L’interpellé sursauta. Cela
faisait longtemps que plus personne n’osait l’appeler ainsi! En tout cas devant
lui.
«Aaah, pardon, Sasuke. Je sais que tu n’es plus le jeune garçon à qui
j’enseignais, mais que veux-tu, les vieilles habitudes ont la vie dure!
— Même à cette époque, je vous
trouvais un peu trop familier avec vos élèves.
— Vraiment? fit distraitement le
ninja en le servant.
— Le terme exact serait “trop
proche”. D’un élève en particulier. En particulier un certain matin, le dernier
où vous êtes arrivé en cours avec plus de deux heures et demie de retard.
— Vraiment...»
Kakashi versait le café dans sa
propre tasse à présent. Et Sasuke eut beau ouvrir les yeux, le liquide ne
trembla pas. Reportant son attention sur le visage amer et calme de son ancien
professeur, l’adepte de la ténébrattitude mit tout son savoir dans un de ces
sourires d’une moquerie acide dont il avait le secret. S’il avait gardé le
regard fixé sur ses mains, il les aurait vu frissonner. Mais Kakashi gardait
une figure impassible.
«Surprenant ce que Pakkun a
laissé entendre tout à l’heure.
— N’est-ce pas? Hélas, la pauvre
bête n’a plus toute sa tête.
— Dans ce cas, la raison pour
laquelle vous avez réagi aussi violemment à ses paroles est?
— Je craignais qu’il ne
t’importune, voyons! Un ninja comme toi n’a pas de temps à perdre avec les
divagations d’un chien sénile, je me trompe?

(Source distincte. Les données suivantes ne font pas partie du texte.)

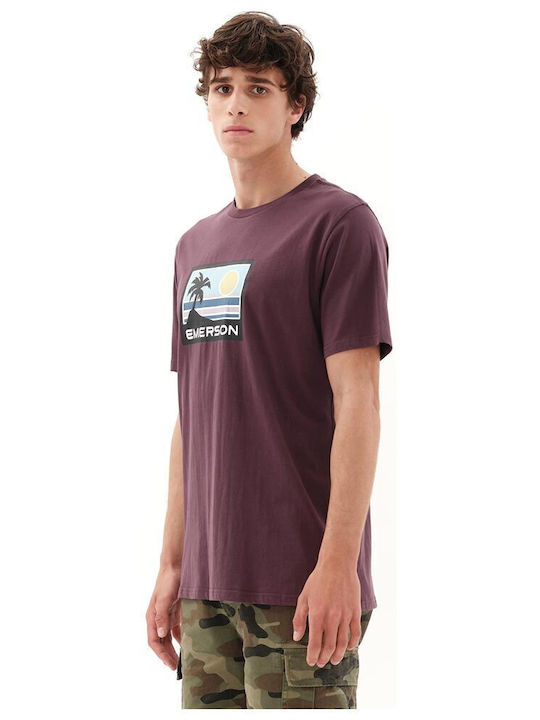 231.EM33.40 T-Shirt Lila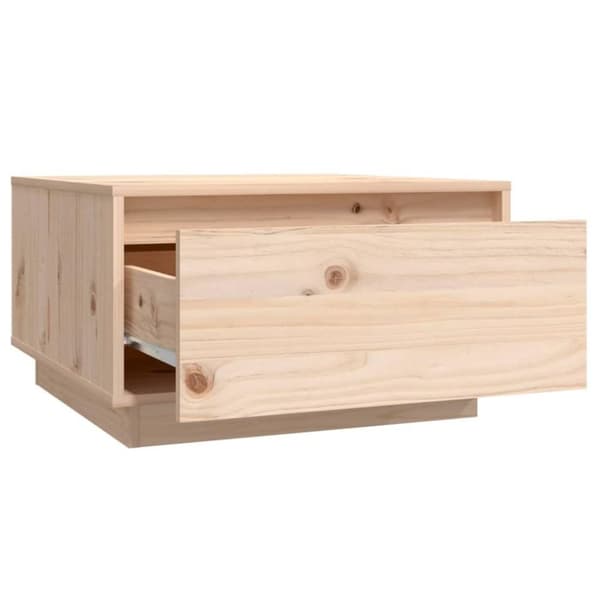 vidaXL Salongbord 55x56x32 cm heltre furu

— Je n’y avais de toute manière
pas prêté attention.
— Et tu as eu raison!» conclut
l’homme aux cheveux gris.
Sur ces bonnes paroles, il porta
la tasse à ses lèvres et but une gorgée. Gorgée qu’il s’empressa de recracher
aussitôt.
«Sasuke-kun! Tu es venu m’aider
ou m’empoisonner?»
Devant l’air froid du ninja,
Kakashi se reprit.
«Bon, d’accord, il n’est pas
absolument imbuvable. Le goût surprend au début, après le palais s’habitue...»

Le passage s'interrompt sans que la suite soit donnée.